_WHAT YOU HAVE TO DO_: When you reach the listing below, copy each line exactly.

=-=-=

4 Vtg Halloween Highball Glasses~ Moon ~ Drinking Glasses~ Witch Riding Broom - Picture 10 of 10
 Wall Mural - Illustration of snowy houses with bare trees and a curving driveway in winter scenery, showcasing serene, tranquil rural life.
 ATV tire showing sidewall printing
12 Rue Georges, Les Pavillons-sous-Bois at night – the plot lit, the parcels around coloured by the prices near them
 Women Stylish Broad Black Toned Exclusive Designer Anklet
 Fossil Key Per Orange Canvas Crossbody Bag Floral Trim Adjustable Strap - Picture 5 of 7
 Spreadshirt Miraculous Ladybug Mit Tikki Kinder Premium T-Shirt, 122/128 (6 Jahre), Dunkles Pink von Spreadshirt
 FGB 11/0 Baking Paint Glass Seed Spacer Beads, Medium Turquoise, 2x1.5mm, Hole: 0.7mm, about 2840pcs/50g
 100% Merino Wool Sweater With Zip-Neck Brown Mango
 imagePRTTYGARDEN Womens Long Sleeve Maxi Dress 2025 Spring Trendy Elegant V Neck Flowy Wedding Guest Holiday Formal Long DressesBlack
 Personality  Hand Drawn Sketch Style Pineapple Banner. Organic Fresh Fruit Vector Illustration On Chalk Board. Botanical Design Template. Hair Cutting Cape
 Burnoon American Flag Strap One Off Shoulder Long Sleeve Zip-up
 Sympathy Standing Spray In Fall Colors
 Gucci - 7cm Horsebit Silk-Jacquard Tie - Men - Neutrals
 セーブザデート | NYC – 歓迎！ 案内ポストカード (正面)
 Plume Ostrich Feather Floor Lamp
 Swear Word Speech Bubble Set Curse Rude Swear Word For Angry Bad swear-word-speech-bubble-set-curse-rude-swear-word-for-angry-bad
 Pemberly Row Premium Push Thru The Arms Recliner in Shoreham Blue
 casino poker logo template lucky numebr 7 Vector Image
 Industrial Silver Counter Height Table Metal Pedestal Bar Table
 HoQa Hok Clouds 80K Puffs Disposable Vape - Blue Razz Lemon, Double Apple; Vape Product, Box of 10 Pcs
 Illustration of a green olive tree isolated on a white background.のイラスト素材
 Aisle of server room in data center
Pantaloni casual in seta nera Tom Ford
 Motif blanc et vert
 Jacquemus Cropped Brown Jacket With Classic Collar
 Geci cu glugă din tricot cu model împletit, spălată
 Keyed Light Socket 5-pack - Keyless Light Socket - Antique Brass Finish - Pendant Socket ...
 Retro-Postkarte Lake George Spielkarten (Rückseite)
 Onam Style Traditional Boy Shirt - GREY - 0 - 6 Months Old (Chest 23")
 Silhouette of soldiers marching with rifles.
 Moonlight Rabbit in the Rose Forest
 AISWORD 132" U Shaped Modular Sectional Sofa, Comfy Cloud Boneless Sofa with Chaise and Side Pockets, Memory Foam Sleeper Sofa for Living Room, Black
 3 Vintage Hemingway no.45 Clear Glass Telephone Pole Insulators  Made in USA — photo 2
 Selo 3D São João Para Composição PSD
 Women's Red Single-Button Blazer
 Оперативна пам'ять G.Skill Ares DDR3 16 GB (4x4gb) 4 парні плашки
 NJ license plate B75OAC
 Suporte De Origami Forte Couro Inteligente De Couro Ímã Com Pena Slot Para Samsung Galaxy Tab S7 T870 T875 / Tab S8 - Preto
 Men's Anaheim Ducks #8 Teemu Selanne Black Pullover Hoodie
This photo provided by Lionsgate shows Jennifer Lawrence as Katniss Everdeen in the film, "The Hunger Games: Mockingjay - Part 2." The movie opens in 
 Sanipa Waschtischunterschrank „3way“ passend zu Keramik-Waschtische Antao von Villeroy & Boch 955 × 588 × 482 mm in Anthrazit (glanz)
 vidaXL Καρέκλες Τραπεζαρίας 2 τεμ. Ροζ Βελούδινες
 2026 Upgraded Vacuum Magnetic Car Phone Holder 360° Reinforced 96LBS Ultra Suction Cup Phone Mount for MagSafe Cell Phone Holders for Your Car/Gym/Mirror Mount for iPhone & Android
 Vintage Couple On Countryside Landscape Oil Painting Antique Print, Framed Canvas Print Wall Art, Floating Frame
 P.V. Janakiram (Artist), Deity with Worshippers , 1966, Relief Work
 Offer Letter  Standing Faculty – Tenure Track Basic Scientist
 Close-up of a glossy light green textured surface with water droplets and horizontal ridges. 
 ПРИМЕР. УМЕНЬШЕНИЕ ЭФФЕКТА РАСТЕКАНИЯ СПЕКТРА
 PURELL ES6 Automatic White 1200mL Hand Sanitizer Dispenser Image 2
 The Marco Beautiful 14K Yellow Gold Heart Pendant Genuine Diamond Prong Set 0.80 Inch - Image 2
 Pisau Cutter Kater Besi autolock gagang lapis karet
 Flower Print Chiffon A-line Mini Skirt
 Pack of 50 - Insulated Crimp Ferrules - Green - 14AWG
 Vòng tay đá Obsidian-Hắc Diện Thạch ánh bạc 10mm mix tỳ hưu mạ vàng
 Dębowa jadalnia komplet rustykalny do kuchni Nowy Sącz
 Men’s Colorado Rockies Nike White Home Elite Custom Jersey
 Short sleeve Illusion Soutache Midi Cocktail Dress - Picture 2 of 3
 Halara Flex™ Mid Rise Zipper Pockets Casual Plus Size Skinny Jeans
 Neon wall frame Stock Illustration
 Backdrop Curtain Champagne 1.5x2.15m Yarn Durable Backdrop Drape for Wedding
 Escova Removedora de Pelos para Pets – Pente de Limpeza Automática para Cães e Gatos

=-=-=

_TASK ANSWER_:
4 Vtg Halloween Highball Glasses~ Moon ~ Drinking Glasses~ Witch Riding Broom - Picture 10 of 10
 Wall Mural - Illustration of snowy houses with bare trees and a curving driveway in winter scenery, showcasing serene, tranquil rural life.
 ATV tire showing sidewall printing
12 Rue Georges, Les Pavillons-sous-Bois at night – the plot lit, the parcels around coloured by the prices near them
 Women Stylish Broad Black Toned Exclusive Designer Anklet
 Fossil Key Per Orange Canvas Crossbody Bag Floral Trim Adjustable Strap - Picture 5 of 7
 Spreadshirt Miraculous Ladybug Mit Tikki Kinder Premium T-Shirt, 122/128 (6 Jahre), Dunkles Pink von Spreadshirt
 FGB 11/0 Baking Paint Glass Seed Spacer Beads, Medium Turquoise, 2x1.5mm, Hole: 0.7mm, about 2840pcs/50g
 100% Merino Wool Sweater With Zip-Neck Brown Mango
 imagePRTTYGARDEN Womens Long Sleeve Maxi Dress 2025 Spring Trendy Elegant V Neck Flowy Wedding Guest Holiday Formal Long DressesBlack
 Personality  Hand Drawn Sketch Style Pineapple Banner. Organic Fresh Fruit Vector Illustration On Chalk Board. Botanical Design Template. Hair Cutting Cape
 Burnoon American Flag Strap One Off Shoulder Long Sleeve Zip-up
 Sympathy Standing Spray In Fall Colors
 Gucci - 7cm Horsebit Silk-Jacquard Tie - Men - Neutrals
 セーブザデート | NYC – 歓迎！ 案内ポストカード (正面)
 Plume Ostrich Feather Floor Lamp
 Swear Word Speech Bubble Set Curse Rude Swear Word For Angry Bad swear-word-speech-bubble-set-curse-rude-swear-word-for-angry-bad
 Pemberly Row Premium Push Thru The Arms Recliner in Shoreham Blue
 casino poker logo template lucky numebr 7 Vector Image
 Industrial Silver Counter Height Table Metal Pedestal Bar Table
 HoQa Hok Clouds 80K Puffs Disposable Vape - Blue Razz Lemon, Double Apple; Vape Product, Box of 10 Pcs
 Illustration of a green olive tree isolated on a white background.のイラスト素材
 Aisle of server room in data center
Pantaloni casual in seta nera Tom Ford
 Motif blanc et vert
 Jacquemus Cropped Brown Jacket With Classic Collar
 Geci cu glugă din tricot cu model împletit, spălată
 Keyed Light Socket 5-pack - Keyless Light Socket - Antique Brass Finish - Pendant Socket ...
 Retro-Postkarte Lake George Spielkarten (Rückseite)
 Onam Style Traditional Boy Shirt - GREY - 0 - 6 Months Old (Chest 23")
 Silhouette of soldiers marching with rifles.
 Moonlight Rabbit in the Rose Forest
 AISWORD 132" U Shaped Modular Sectional Sofa, Comfy Cloud Boneless Sofa with Chaise and Side Pockets, Memory Foam Sleeper Sofa for Living Room, Black
 3 Vintage Hemingway no.45 Clear Glass Telephone Pole Insulators  Made in USA — photo 2
 Selo 3D São João Para Composição PSD
 Women's Red Single-Button Blazer
 Оперативна пам'ять G.Skill Ares DDR3 16 GB (4x4gb) 4 парні плашки
 NJ license plate B75OAC
 Suporte De Origami Forte Couro Inteligente De Couro Ímã Com Pena Slot Para Samsung Galaxy Tab S7 T870 T875 / Tab S8 - Preto
 Men's Anaheim Ducks #8 Teemu Selanne Black Pullover Hoodie
This photo provided by Lionsgate shows Jennifer Lawrence as Katniss Everdeen in the film, "The Hunger Games: Mockingjay - Part 2." The movie opens in 
 Sanipa Waschtischunterschrank „3way“ passend zu Keramik-Waschtische Antao von Villeroy & Boch 955 × 588 × 482 mm in Anthrazit (glanz)
 vidaXL Καρέκλες Τραπεζαρίας 2 τεμ. Ροζ Βελούδινες
 2026 Upgraded Vacuum Magnetic Car Phone Holder 360° Reinforced 96LBS Ultra Suction Cup Phone Mount for MagSafe Cell Phone Holders for Your Car/Gym/Mirror Mount for iPhone & Android
 Vintage Couple On Countryside Landscape Oil Painting Antique Print, Framed Canvas Print Wall Art, Floating Frame
 P.V. Janakiram (Artist), Deity with Worshippers , 1966, Relief Work
 Offer Letter  Standing Faculty – Tenure Track Basic Scientist
 Close-up of a glossy light green textured surface with water droplets and horizontal ridges. 
 ПРИМЕР. УМЕНЬШЕНИЕ ЭФФЕКТА РАСТЕКАНИЯ СПЕКТРА
 PURELL ES6 Automatic White 1200mL Hand Sanitizer Dispenser Image 2
 The Marco Beautiful 14K Yellow Gold Heart Pendant Genuine Diamond Prong Set 0.80 Inch - Image 2
 Pisau Cutter Kater Besi autolock gagang lapis karet
 Flower Print Chiffon A-line Mini Skirt
 Pack of 50 - Insulated Crimp Ferrules - Green - 14AWG
 Vòng tay đá Obsidian-Hắc Diện Thạch ánh bạc 10mm mix tỳ hưu mạ vàng
 Dębowa jadalnia komplet rustykalny do kuchni Nowy Sącz
 Men’s Colorado Rockies Nike White Home Elite Custom Jersey
 Short sleeve Illusion Soutache Midi Cocktail Dress - Picture 2 of 3
 Halara Flex™ Mid Rise Zipper Pockets Casual Plus Size Skinny Jeans
 Neon wall frame Stock Illustration
 Backdrop Curtain Champagne 1.5x2.15m Yarn Durable Backdrop Drape for Wedding
 Escova Removedora de Pelos para Pets – Pente de Limpeza Automática para Cães e Gatos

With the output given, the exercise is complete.